- [Data provided]:
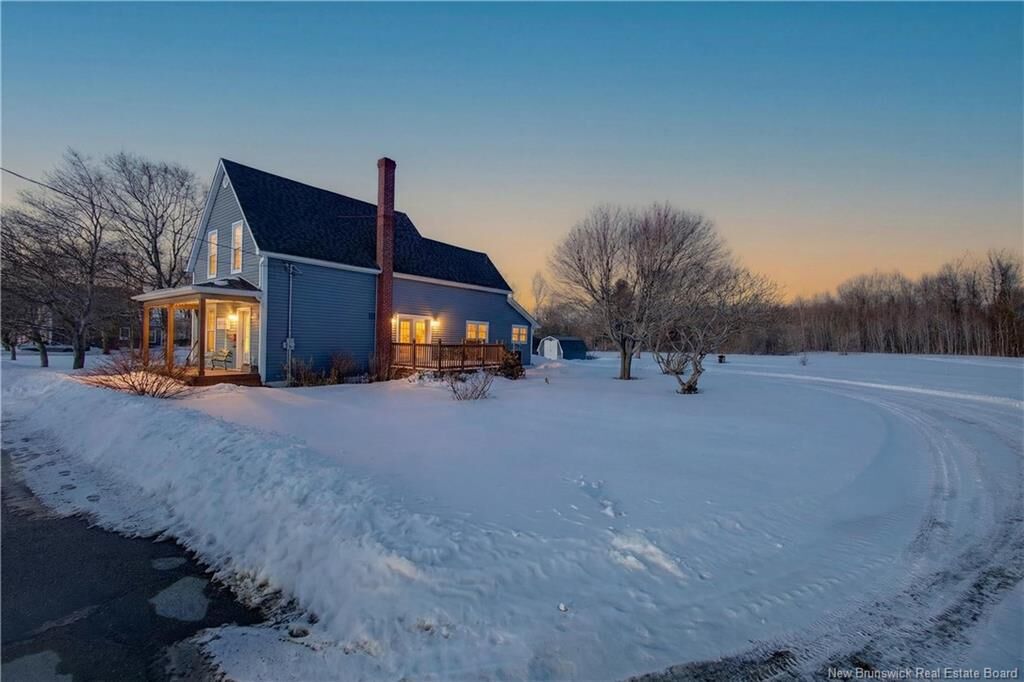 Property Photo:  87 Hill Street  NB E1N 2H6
* * *
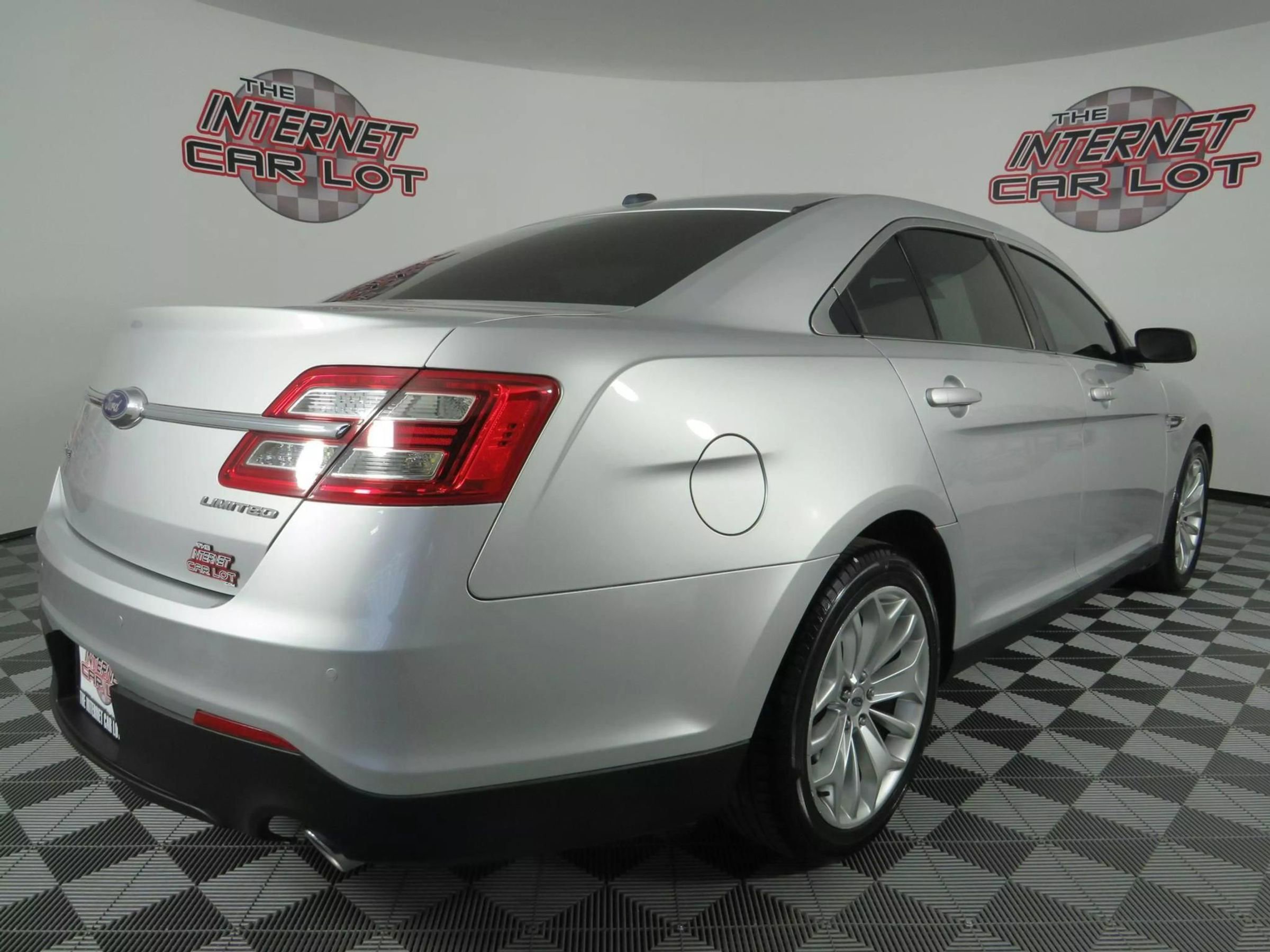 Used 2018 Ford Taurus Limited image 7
---
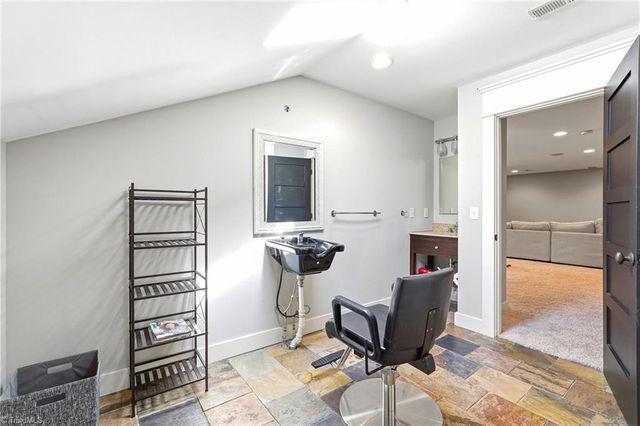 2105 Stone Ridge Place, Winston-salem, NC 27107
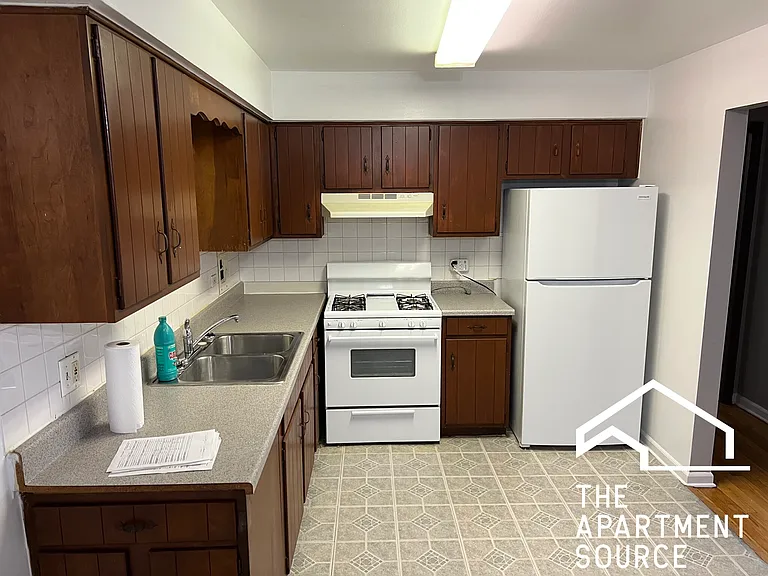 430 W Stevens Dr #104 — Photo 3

- [Work instructions]: Exactly the lines above, from the one containing "2105 Stone Ridge" down to the one containing "430 W Stevens Dr #104 — Photo 3", are to be repeated, including both ends. Pictures are not part of the copy.

- [Answer for this exercise]:
 2105 Stone Ridge Place, Winston-salem, NC 27107
 430 W Stevens Dr #104 — Photo 3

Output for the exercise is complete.